The offshore assets include a 27% stake in the Jubilee field and 19% in the TEN fields offshore Ghana, which last year delivered gross production of 143,000 b/d; a 26.5% operated interest in Area 1 off Mozambique containing more than 60 tcf of proven deepwater gas resources, of which 18 tcf will be developed under an initial two-train project 12.8 MM metric ton/yr (14.11 MM tons/yr) LNG project, set to come into production by 2024; and exploration licenses offshore South Africa, close to Total’s recent deepwater Brulpadda gas/condensate discovery.
Overall, these assets, plus Anadarko’s field interests onshore Algeria, represent around 1.2 Bboe of 2P reserves, with 2018 equity production of 96,000 boe/d which is likely to grow to around 160,000 boe/d by 2025.
“If completed, the acquisition of Anadarko by Occidental offers us the opportunity to acquire a world class portfolio of assets in Africa, further enhancing our position as the leading IOC on the continent,” said Patrick Pouyanne, Total’s chairman and CEO.

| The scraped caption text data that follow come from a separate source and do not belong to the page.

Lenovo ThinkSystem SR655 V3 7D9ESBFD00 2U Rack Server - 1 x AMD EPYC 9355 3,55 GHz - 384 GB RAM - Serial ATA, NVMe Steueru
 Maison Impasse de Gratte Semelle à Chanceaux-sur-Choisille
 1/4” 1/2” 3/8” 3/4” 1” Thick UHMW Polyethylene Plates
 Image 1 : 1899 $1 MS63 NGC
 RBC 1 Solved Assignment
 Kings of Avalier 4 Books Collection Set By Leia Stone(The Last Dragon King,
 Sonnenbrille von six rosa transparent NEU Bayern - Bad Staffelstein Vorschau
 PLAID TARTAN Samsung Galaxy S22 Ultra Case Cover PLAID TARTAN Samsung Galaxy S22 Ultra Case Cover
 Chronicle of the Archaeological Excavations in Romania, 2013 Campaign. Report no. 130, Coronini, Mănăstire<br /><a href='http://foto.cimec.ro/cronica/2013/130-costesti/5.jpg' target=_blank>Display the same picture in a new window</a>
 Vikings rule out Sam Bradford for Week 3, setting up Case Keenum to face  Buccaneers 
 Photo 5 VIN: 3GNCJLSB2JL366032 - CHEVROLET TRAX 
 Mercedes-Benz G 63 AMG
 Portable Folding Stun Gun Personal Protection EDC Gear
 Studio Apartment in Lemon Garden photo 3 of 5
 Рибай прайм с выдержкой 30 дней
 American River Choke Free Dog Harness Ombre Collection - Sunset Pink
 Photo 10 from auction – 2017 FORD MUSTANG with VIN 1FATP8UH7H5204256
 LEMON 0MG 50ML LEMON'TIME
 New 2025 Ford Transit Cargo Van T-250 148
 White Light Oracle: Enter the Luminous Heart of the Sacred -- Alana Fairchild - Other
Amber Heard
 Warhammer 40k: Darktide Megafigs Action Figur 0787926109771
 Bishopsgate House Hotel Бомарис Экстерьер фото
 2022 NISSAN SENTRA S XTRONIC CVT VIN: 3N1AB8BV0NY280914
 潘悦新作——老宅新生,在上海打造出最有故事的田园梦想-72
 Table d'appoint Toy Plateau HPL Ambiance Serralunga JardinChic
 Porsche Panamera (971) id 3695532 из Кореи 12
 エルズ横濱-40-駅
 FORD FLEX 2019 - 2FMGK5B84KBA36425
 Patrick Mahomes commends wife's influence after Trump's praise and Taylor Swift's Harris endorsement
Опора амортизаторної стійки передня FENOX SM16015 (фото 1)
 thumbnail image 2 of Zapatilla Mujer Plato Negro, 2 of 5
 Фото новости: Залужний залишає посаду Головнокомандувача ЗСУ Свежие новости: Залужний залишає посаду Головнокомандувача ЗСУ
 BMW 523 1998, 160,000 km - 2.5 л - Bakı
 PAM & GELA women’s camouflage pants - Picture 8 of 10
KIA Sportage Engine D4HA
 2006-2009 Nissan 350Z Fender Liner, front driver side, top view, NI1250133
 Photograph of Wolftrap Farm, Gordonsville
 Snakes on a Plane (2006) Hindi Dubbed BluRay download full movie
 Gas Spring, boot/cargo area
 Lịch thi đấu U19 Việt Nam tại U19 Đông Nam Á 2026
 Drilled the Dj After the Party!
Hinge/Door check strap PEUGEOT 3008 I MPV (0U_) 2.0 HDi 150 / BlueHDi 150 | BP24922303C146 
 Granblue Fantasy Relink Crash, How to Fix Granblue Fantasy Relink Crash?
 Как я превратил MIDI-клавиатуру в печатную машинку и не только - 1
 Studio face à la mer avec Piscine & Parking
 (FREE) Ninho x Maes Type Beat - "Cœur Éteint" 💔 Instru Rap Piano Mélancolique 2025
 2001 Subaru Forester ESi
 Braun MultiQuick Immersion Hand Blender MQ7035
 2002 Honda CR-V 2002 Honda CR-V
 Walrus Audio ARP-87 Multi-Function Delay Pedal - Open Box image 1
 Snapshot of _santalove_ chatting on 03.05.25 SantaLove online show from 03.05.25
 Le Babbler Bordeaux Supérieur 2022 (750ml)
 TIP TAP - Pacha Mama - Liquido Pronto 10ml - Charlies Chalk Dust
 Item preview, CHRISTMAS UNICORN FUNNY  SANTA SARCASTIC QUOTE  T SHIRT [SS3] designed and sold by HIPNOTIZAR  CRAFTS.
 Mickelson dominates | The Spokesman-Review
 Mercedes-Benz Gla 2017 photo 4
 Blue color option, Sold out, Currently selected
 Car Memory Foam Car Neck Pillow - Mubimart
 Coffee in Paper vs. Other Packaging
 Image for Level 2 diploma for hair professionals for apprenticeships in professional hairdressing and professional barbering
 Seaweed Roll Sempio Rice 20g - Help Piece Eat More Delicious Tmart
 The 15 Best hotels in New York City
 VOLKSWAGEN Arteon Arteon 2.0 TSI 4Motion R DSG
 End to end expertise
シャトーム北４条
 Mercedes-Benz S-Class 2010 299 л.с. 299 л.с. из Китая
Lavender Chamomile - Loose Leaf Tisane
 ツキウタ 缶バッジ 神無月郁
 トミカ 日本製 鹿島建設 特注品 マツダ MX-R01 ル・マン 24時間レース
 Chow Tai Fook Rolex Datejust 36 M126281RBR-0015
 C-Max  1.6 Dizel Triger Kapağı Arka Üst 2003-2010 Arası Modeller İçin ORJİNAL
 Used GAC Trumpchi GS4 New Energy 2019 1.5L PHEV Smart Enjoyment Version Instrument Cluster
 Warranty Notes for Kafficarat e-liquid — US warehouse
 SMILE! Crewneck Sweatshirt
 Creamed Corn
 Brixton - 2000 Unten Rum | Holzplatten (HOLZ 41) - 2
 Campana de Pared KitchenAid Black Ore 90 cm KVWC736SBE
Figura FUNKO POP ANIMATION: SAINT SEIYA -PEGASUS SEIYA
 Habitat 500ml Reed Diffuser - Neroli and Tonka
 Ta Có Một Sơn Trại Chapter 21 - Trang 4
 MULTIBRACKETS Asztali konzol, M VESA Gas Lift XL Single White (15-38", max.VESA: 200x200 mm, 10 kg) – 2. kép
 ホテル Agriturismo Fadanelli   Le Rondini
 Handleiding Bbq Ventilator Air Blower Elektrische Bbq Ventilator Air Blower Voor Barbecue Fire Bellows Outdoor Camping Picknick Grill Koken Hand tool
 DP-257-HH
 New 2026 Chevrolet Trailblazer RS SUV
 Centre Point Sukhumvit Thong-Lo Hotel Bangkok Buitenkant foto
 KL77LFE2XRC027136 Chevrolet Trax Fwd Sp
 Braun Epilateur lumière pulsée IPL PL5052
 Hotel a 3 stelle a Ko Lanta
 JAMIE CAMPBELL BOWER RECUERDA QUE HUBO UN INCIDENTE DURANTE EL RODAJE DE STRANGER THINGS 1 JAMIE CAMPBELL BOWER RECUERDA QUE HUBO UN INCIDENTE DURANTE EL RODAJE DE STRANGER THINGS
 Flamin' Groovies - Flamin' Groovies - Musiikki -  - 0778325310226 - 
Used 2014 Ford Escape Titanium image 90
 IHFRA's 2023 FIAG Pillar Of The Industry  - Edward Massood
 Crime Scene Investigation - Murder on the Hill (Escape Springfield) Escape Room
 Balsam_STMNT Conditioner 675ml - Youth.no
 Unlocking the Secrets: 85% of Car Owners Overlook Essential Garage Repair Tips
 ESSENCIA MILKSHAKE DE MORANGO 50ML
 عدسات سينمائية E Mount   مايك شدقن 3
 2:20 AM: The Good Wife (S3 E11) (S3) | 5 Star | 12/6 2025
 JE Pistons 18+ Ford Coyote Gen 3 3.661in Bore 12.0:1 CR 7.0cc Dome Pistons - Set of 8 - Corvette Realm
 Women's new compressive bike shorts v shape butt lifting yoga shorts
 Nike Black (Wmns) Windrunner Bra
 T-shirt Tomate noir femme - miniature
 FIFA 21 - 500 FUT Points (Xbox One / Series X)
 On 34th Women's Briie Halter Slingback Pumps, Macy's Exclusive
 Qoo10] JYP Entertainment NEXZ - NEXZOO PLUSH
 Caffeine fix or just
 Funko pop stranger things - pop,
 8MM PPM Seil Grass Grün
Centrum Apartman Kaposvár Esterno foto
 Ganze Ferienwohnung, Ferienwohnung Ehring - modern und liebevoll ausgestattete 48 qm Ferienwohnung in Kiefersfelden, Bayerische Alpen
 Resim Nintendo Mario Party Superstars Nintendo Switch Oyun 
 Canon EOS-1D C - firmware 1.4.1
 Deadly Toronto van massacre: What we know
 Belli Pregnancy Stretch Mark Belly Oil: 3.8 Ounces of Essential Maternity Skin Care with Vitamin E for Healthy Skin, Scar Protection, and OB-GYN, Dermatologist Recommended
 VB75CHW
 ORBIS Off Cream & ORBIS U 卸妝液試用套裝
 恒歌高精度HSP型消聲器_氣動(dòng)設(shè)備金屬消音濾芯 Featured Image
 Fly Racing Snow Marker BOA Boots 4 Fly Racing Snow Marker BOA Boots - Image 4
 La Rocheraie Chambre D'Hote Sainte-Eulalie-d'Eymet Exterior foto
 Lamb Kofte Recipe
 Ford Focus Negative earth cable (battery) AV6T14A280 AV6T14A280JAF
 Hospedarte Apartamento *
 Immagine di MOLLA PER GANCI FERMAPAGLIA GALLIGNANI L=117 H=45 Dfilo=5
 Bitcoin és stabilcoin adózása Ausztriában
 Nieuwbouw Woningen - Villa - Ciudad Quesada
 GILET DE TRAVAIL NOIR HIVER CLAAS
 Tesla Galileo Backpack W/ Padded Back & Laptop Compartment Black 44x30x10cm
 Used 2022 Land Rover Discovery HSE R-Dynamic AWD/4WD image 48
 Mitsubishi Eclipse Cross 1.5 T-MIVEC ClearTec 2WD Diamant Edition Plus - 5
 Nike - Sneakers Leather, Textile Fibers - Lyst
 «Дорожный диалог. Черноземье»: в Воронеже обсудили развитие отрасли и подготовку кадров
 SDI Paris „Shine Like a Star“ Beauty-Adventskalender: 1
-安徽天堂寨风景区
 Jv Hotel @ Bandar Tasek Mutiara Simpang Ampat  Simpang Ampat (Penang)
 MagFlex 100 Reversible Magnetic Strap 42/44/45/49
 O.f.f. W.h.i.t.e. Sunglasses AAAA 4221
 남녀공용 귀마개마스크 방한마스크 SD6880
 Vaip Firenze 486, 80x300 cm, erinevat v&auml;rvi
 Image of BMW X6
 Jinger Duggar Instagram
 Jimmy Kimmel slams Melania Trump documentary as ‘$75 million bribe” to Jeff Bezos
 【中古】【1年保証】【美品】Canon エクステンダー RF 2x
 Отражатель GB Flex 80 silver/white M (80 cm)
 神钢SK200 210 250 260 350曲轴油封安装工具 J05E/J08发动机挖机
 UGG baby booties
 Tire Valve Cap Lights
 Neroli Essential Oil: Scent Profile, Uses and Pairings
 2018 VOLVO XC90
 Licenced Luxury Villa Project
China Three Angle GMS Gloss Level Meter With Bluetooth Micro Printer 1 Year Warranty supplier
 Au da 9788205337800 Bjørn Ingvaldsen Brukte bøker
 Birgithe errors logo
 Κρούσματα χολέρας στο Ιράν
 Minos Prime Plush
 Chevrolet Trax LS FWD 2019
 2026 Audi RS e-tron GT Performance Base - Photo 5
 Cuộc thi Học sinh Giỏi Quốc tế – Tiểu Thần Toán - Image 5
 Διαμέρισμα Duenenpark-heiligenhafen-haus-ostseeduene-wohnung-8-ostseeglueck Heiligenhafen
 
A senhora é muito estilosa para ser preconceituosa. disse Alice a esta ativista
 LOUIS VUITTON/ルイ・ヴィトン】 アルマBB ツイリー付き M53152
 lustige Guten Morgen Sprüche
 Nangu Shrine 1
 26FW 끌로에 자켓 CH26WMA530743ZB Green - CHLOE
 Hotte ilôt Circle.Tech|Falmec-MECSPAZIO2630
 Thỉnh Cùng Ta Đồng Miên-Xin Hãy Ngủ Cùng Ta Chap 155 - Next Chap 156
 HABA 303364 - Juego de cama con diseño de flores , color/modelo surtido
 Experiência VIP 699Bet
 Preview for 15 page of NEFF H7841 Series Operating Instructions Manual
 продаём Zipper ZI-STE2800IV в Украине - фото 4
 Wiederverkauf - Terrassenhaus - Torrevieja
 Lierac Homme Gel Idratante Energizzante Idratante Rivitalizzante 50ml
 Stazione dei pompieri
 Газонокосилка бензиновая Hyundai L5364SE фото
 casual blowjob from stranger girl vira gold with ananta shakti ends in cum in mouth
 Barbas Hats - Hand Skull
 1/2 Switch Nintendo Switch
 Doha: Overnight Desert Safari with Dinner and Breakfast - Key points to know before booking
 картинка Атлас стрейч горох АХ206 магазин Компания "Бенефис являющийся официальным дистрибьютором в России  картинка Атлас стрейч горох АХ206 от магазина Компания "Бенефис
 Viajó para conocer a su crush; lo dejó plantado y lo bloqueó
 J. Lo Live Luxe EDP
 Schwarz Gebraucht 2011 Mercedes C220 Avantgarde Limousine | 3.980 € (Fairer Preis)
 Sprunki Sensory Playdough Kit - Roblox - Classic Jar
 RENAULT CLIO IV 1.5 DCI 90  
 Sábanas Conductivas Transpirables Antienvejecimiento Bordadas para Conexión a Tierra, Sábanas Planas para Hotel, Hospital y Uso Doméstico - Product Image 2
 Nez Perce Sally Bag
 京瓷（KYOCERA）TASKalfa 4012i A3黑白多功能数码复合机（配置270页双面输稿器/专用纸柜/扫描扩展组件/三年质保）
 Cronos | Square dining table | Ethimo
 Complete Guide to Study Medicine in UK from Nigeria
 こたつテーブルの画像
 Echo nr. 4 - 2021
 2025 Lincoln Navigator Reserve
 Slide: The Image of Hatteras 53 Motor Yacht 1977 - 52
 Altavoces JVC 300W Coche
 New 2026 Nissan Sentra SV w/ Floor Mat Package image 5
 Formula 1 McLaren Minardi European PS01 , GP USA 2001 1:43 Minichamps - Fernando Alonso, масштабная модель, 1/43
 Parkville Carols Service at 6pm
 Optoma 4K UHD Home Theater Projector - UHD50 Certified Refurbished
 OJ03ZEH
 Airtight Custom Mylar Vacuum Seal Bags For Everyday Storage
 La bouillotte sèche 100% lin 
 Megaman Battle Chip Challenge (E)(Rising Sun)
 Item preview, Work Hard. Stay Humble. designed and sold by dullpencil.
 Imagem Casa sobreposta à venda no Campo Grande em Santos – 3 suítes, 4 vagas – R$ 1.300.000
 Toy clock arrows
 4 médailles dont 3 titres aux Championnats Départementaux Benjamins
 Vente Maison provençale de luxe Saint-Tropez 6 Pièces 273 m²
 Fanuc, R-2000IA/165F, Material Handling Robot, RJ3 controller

“We would be able to leverage our expertise in LNG by operating a major project in Mozambique and in deepwater in Ghana and we would become operator of major Algerian oil assets where we are already a partner.”
Wood Mackenzie research director Nicholas Browne said that if the deal went through, Total would become the second-largest IOC LNG seller globally after Shell, and the fourth largest after Qatargas, Shell, and Petronas.
“The potential acquisition of Anadarko’s stake in Mozambique LNG is representative of Total’s ambitious and aggressive expansion of its LNG position. It acquired Engie’s LNG business in 2018 and has a plethora of pre-FID opportunities which it is aiming to sanction within the next two years,” Browne said.
“However, the company is entering a phase of strong cash flow growth. As such, we still expect Total to keep strict investment criteria in terms of deciding which LNG project goes ahead.
“Its focus on LNG investment is part of a wider company shift to ‘cleaner fuels.’ The group views its LNG portfolio as long term in nature, as a facilitator for monetizing its own molecules, but has also become more active as an LNG trader in recent years.”
Anadarko has not so far responded to Total’s move, although the company has confirmed that it has received a revised proposal from Occidental providing greater cash value than the latter’s previous offer.
In accordance with the terms of the earlier agreement with Chevron, Anadarko’s board will review the latest proposal. But the company added that Chevron merger agreement remains in effect and accordingly the board reaffirms its recommendation of this transaction.